WORK INSTRUCTIONS:
The word "Tucson" marks the lines to report; pull each of them from the listing.

··· AVAILABLE DATA ···

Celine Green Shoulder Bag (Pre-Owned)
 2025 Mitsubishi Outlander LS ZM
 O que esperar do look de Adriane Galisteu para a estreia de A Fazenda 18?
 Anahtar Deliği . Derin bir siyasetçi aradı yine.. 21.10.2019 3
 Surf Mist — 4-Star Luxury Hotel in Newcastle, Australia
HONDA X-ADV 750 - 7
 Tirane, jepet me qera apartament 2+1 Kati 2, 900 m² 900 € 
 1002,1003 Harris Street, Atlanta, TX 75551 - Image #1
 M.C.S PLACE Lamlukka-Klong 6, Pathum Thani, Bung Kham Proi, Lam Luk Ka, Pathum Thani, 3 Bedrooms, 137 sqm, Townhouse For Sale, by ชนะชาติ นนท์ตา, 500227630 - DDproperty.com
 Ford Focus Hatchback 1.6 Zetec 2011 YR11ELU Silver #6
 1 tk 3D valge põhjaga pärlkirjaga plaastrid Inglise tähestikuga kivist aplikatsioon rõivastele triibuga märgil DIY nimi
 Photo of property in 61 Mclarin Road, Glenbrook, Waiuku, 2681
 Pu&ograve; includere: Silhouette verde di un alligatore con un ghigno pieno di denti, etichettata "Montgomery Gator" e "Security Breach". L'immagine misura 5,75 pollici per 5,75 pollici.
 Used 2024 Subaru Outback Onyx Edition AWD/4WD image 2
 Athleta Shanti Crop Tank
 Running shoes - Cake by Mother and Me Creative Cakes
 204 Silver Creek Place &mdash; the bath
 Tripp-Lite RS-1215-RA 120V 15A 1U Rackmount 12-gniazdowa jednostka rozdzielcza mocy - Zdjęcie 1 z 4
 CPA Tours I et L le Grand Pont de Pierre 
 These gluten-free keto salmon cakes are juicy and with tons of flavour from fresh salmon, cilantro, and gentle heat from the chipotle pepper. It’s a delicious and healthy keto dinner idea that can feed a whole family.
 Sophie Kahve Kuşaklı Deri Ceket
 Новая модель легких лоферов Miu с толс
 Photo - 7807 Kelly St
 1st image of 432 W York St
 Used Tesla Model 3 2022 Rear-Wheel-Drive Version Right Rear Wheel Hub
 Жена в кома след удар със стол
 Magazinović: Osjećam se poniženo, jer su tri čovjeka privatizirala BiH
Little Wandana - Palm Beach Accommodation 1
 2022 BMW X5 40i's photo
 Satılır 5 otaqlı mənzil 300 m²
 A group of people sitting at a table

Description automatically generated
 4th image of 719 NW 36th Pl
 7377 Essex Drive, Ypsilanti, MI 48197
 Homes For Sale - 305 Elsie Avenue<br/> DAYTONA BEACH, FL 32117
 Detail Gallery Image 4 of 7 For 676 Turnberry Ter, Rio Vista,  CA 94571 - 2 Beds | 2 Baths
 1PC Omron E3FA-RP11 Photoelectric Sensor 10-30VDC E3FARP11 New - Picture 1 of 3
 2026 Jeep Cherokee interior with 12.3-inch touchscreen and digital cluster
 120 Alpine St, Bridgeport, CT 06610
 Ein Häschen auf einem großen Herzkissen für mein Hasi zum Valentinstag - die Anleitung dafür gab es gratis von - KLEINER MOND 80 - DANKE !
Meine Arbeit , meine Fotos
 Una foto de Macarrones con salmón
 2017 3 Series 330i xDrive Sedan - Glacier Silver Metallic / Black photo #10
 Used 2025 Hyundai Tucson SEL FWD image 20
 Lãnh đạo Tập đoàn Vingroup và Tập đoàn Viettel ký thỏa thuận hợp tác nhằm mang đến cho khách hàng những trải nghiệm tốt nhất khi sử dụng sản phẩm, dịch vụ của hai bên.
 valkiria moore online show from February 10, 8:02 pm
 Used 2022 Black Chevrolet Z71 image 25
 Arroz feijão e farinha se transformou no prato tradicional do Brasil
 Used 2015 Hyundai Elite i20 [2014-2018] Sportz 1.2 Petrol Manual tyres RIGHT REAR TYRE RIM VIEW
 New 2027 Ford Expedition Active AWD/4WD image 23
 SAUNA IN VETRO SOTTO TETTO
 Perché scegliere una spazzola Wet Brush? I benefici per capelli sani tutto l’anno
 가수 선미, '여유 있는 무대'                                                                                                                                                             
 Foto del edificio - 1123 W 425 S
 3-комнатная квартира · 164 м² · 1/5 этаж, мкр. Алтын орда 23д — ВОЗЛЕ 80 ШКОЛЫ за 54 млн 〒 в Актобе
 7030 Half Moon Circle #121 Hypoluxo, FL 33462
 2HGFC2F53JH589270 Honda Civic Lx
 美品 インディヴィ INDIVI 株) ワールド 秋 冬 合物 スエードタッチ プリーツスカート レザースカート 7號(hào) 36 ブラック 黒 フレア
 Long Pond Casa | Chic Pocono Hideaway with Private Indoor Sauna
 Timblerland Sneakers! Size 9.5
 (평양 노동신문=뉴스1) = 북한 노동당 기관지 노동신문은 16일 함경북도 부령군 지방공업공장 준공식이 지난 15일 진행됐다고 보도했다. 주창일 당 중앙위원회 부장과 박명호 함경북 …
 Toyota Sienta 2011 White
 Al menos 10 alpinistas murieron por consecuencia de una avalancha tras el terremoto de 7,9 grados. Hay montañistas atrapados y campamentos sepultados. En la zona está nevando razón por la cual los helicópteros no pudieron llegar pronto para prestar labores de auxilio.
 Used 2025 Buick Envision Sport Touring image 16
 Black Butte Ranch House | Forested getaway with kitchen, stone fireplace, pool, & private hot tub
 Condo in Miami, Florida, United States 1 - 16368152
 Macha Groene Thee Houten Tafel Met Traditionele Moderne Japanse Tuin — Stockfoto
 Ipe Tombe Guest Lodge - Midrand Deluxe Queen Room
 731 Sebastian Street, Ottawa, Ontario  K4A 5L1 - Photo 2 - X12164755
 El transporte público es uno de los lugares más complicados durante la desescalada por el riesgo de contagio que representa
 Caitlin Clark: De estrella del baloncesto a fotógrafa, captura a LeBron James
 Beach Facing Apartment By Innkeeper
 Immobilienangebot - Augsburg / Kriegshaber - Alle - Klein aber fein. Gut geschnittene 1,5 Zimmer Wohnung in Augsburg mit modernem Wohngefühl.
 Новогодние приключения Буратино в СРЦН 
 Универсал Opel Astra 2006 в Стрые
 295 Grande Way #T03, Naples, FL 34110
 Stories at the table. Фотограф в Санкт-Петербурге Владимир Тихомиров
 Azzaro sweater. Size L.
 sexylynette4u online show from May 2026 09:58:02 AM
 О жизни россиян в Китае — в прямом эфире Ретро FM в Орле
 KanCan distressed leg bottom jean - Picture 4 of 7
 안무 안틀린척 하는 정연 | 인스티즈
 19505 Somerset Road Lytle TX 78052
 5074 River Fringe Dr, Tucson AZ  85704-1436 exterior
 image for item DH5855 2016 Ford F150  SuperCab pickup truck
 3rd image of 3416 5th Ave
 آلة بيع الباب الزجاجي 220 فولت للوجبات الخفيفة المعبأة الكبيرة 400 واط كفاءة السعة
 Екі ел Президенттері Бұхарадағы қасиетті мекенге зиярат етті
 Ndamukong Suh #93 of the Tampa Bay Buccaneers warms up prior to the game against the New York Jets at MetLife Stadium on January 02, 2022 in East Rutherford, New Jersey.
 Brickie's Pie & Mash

···

YOUR RESPONSE:
 Used 2025 Hyundai Tucson SEL FWD image 20
 5074 River Fringe Dr, Tucson AZ  85704-1436 exterior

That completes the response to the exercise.